NOTICE: Although citation of unpublished opinions remains unfavored, unpublished opinions may now be cited if the opinion has persuasive value on a material issue, and a copy is attached to the citing document or, if cited in oral argument, copies are furnished to the Court and all parties. See General Order of November 29, 1993, suspending 10th Cir. Rule 36.3 until December 31, 1995, or further order.

Corporation; USA Western, Inc., Debtors.
Corporation; USA Western, Inc., Plaintiffs-Appellants,
TELELECT, INC.; Reynolds Metals, Inc.; San Diego Frame
Manufacturing Company, Inc.; Rolf C. Hagen (USA) Corp.;
Ladder Industries, Inc.; Continental Bag Company; Mexico
Plastic Company; Berkley, Inc.; Stone Fabrics, Inc.;
Premier Products; Douglas Furniture of California; The
Libman Company; Riley Equipment; Technicote, Inc.;
International Paper Co.; Hub City, Inc.; N I Acquisition,
a/k/a Avon Enterprise; Nissan Corporation; Sangamon
Company; Douglas Furniture Company; Stone & Thomas;
Tredways Express, Inc.; Deflecta-Shield Corporation;
Federal-Hoffman, Inc., a/k/a Federal Cartridge Company;
Gehl Company; Sidex International Furniture; Waxman
Industries of Texas; BWD Automotive Corporation; Guild
Craftsman, Inc.; Lesac Corporation; Schmidt Distributors,
Inc.; W.E. Kautenburg Company; Crayex Corporation; Norman
Wright Mechanical Equipment Corporation; National Felt
Company; R.H. McElheney, Inc.; Gilbert & Bennett Company;
Warren Manufacturing, Inc.; Cimarron Supply, Inc.;
Garralt-Callahan Company; Hagopian; Aerolator Systems,
Inc.; J & J Snack Foods; Nu-Air of Georgia, Inc.;
American Fiber-Velope Manufacturing Company; Hacht Sales &
Marketing, Ltd; Stapleton Corporation; Comfort
Distributors Company, Inc.; U.S. National Resources, Inc.,
a/k/a Friedrich Air Conditioning; Marsh Electronics, Inc.;
Erwin Weller Company, Inc., a/k/a Weller Plastics Division
Inc.; National Latex Products; Schaeff Incorporated; Bike
Rack, Inc.; Anchor Glass Container Corp.; Adams Company;
Ariens Company; Cole Sewell Corporation; Aero Drapery
Company; Tapco International, Inc.; Keene Lighting;
Tasker Metal Products, Defendants-Appellees.
Monfort, Inc./Swift Pack; Neiman Sawmills, Inc., Defendants.

No. 92-3426.

United States Court of Appeals, Tenth Circuit.

Sept. 3, 1993.

Before BALDOCK, BRORBY, and EBEL, Circuit Judges.

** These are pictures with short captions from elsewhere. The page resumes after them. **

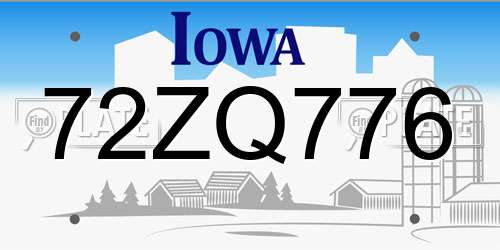 72ZQ776 Iowa License Plate
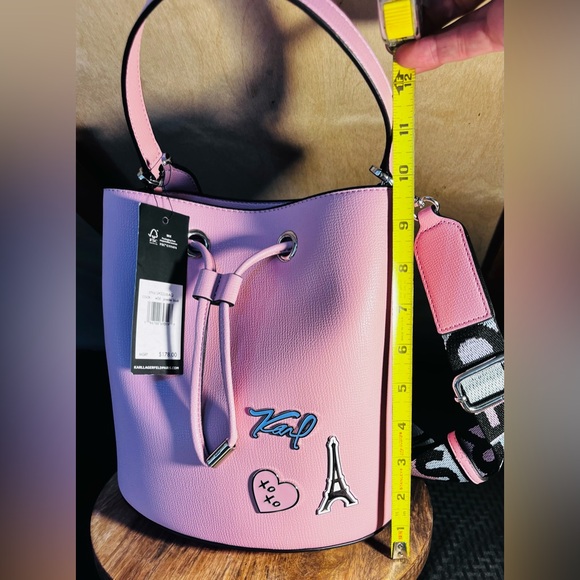 NEW! Karl Lagerfeld Paris Blush Pink Drawstring Bucket Hand Bag - Picture 6 of 7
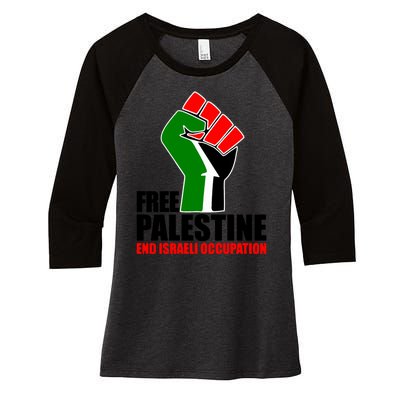 Free Palestine And End Israeli Occupation Women's Tri-Blend 3/4-Sleeve Raglan Shirt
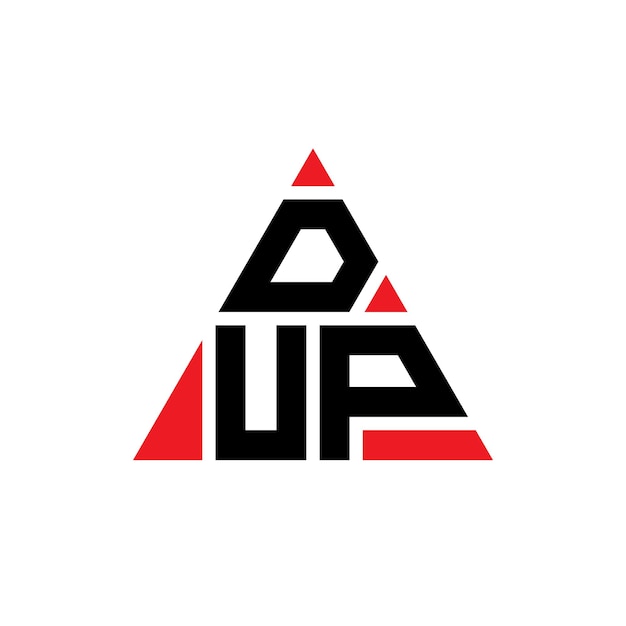 dup triangle letter logo design with triangle shape dup triangle logo design monogram dup triangle vector logo template with red color dup triangular logo simple elegant and luxurious logo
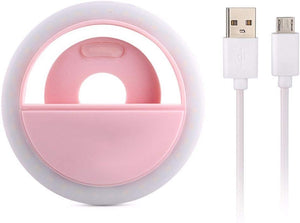 Lampara Aro con luz Led Para Celular Con Clip Y/o Selfie (ROSA)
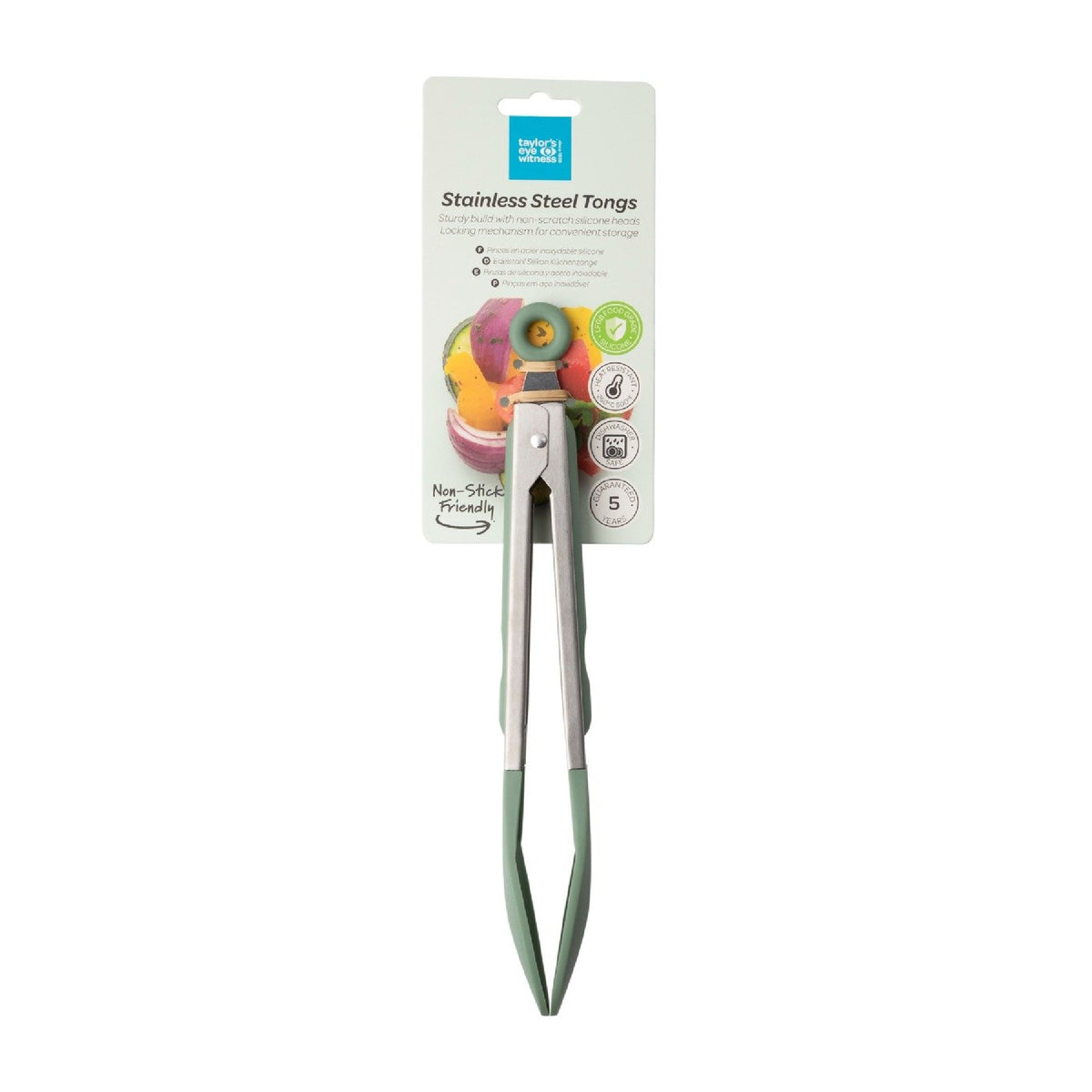 Taylor's Eye Witness Stainless Steel & Silicone Tongs, Sage, 23cm/9in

After examining the briefs and appellate record, this panel has determined unanimously that oral argument would not materially assist the determination of this appeal. See Fed.R.App.P. 34(a); 10th Cir.R. 34.1.9. The case is therefore ordered submitted without oral argument.


This is an appeal from the district court’s order affirming the orders of the bankruptcy court that stayed sixty-one adversary proceedings pending resolution of an issue by the Interstate Commerce Commission (ICC) under the doctrine of primary jurisdiction. On our own motion we directed the parties to brief the question of whether we had jurisdiction to hear the appeal. See McGeorge v. Continental Airlines, Inc., 871 F.2d 952, 953 (10th Cir.1989) (court has duty to inquire into its own jurisdiction). On consideration of the parties’ briefs and the underlying proceedings, we conclude that we do not have jurisdiction and therefore dismiss the appeal.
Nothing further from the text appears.